この曲は、ハワイの人々から愛される、カピオラニ女王のニイハウ島への訪問を記念して作曲されたメレ・イノア(名前をほめたたえるメレ)である。
女王、カピオラニよ
あなたのために、燃えるような色の虹のアーチが空に描かれる
カヒキから来た、この世の人とは思えぬ人を見よ
クヘイラニは |
聞いた
虹にきらめく雨に招かれ
ヒナの偉大なオオバンと共に
彼女は島々をめぐり
すばらしい場所を愛でた
このお話を終わろう
頂上におわすカピオラニについて
カヘア
カピオラニをほめたたえて
彼女は1834年12月31日、ビッグ・アイランドのヒロで、クヒオ・カラニアナオレ高官とカウアイのキノイキ・ケカウリケ高官の間に生まれた。

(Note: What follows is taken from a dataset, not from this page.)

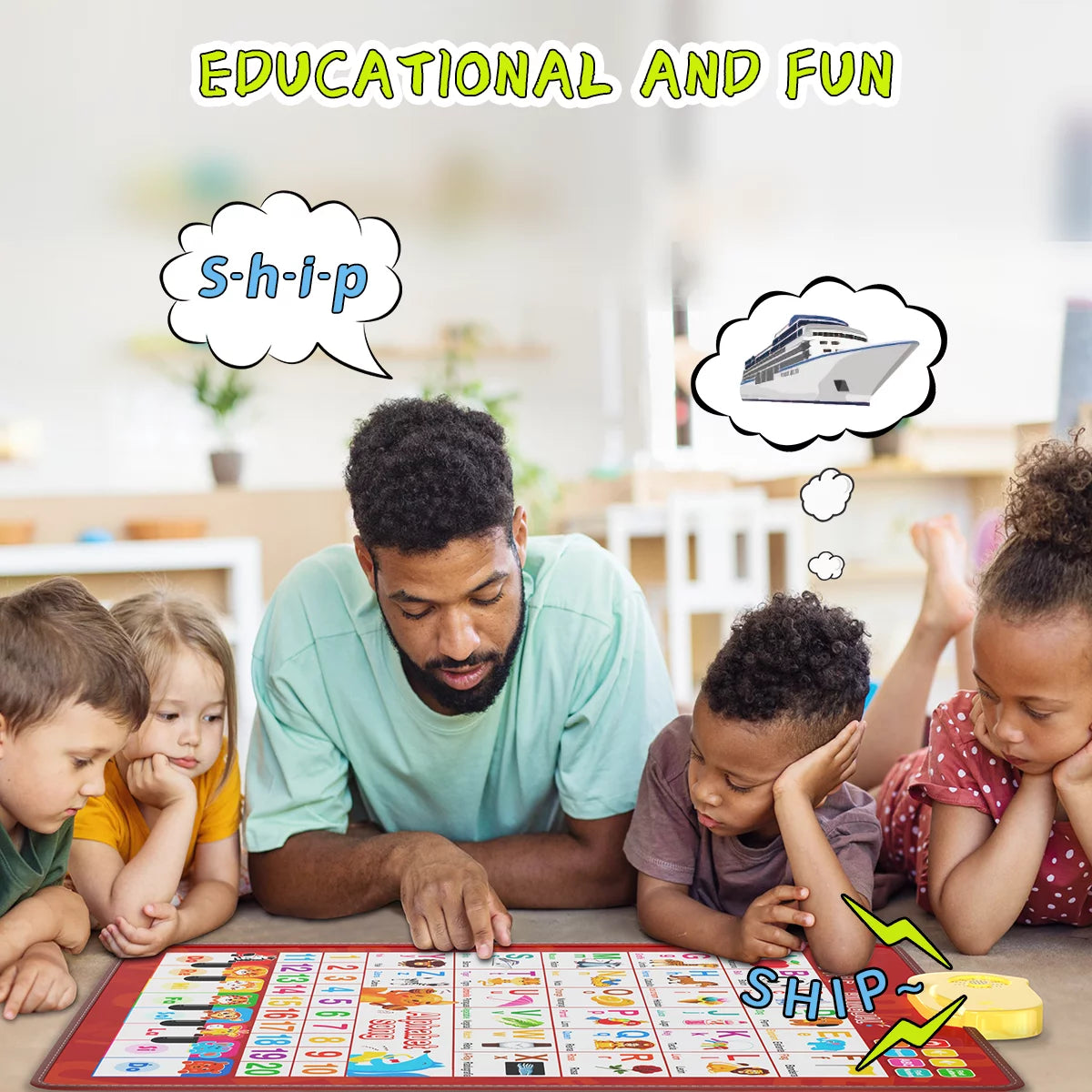 Electronic Interactive Alphabet Poster Toddler Toys, Alphabet ABC Wall Chart Toys for Toddlers, Kids Learning Toys with Music Various Patterns for 2-6Y Girls and Boys, Red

母は、カメハメハ大王に譲渡される前のカウアイ独立国の最後の王、カウムアリイ王の娘である。
8歳までヒロで過ごし、その後ハワイ島コナ地区で養育されることになった。
16歳の時には、オアフ島ホノルルに移り、カメハメハ3世の保護下に入った。
1852年3月7日、カピオラニはホノルルの貴族院議員である、ベネット・ナーマケハ大酋長と結婚した。
夫は当時、18歳であった彼女の30歳年長だった。
1860年12月27日、病気がちだった夫は、彼女の懸命な看病にもかかわらず、ホノルルで息を引き取る。
カピオラニの祖父、カウムアリイ王のお話はこちらから。
その後、カピオラニはデビッド・カラーカウアと恋に落ちた。
彼らの結婚式は、カメハメハ四世の喪中であったため、1863年12月19日に英国国教会の牧師により密かに、そして静かに執り行われた。
彼女の人生はこの後、大きな波に翻弄されていくのだ。
カメハメハ五世が後継者を指名せずに亡くなった後、カラーカウアはカメハメハ四世の妻であるエマ女王と選挙で戦い、1874年2月12日、王位につき、カピオラニは女王になった。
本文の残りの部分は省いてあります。